The idea of publishing the names of abusive and predatory adults who commit crimes against children sounds much better. The idea of publishing juvenile names is one of dysfunctional community hysteria that appears to be the fault of the mainstream media. Publishing the name of under aged minors is one of the worst and most dangerous ideas ever, given the racial bias that would surely be involved.

The media distorts the news about violent youth:

According to Harvard’s Neiman Reports. Television news is cited for the most aggressive rise in crime coverage. As a result, the population came to believe that juvenile violent crime is growing and is out of control. This orchestrates mass hysteria and communities that are far more likely to approve of disastrous programs like publicly labeling children as violent criminals. 

In the 1990s, juveniles were only responsible for 15 percent of the crimes and homicide is least common anti social behavior among juveniles. Yet local television and news insists on making it look as if the youth of America and other countries are out of control and raging through the streets.

The National Bureau of Crime Statistics and Research made two more recent conclusions. Over the long term, there has been an 18 percent increase in crime between 2001 and 2011. Property crimes by juveniles did not increase. Over the short term, between January 2010 and December 2011, juvenile violent crime went down by 5.8 percent and property crimes decreased by 13 percent. Yet the media continues to report increases in juvenile violent crime.

The media also goes out of its way to portray children of color, particularly Black, South Asian and Latino, far more often than they portray white violent juvenile criminals. This gets the population worked up with an “us versus them” mentality. Publishing the identity of juveniles will translate to more revenue for the mainstream media while adult predators will be able to track juveniles down and murder them in cold blood. With the rise in “stand your ground” laws, plus the bias in how those laws are prosecute, predatory killers will be able to claim self defense after they track down and kill the tagged youths.

Neiman Reports studied the matter as early as 1998 and concluded that, “In ‘false images? The News Media and Juvenile Crime,’ a report we issued last year, we examined in-depth the question of whether the news media ‘accurately portrayed the reality of juvenile crime.’ With some notable exceptions, our findings suggest that “while juvenile delinquency and violence are often treated as epidemic by the news media, this is not supported by the facts.…this media firestorm has either created or reinforced a public impression that juvenile crime is rampant and a major threat to the safety of the community….(and) slight increases in juvenile crime have been blown out of proportion….while reductions in juvenile violence have frequently gone unreported.” 

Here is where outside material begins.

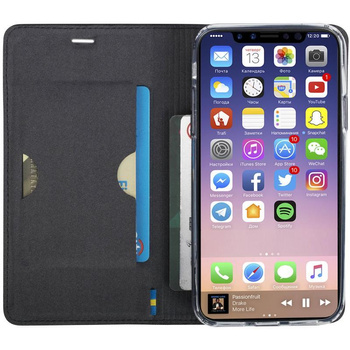 Krusell Malmo 4 Card Foliocase - Étui pour iPhone X avec fentes pour cartes + support (noir)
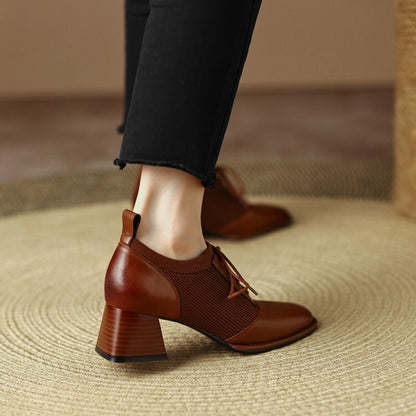 flowersverse NEW Spring Women Pumps Round Toe Chunky Heel Shoes for Women Split Leather High Heels Solid Splicing Lace-up Shoes Handmade Shoe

In summary, there is a sick and ominous agenda behind releasing the identities of under aged violent criminals. The media will make more money, of course, but innocent juveniles will be swept up to become walking targets for unstable and violent adult predators. After all, the children, most of whom will be non white, will have been tagged as criminals. Even one count of juvenile crime allows the courts, social predators and police to consider their lives as expendable.

The greater horror will come when, not if local law enforcement publicly tags an innocent child as a violent offender and another George Zimmerman is set loose with a gun.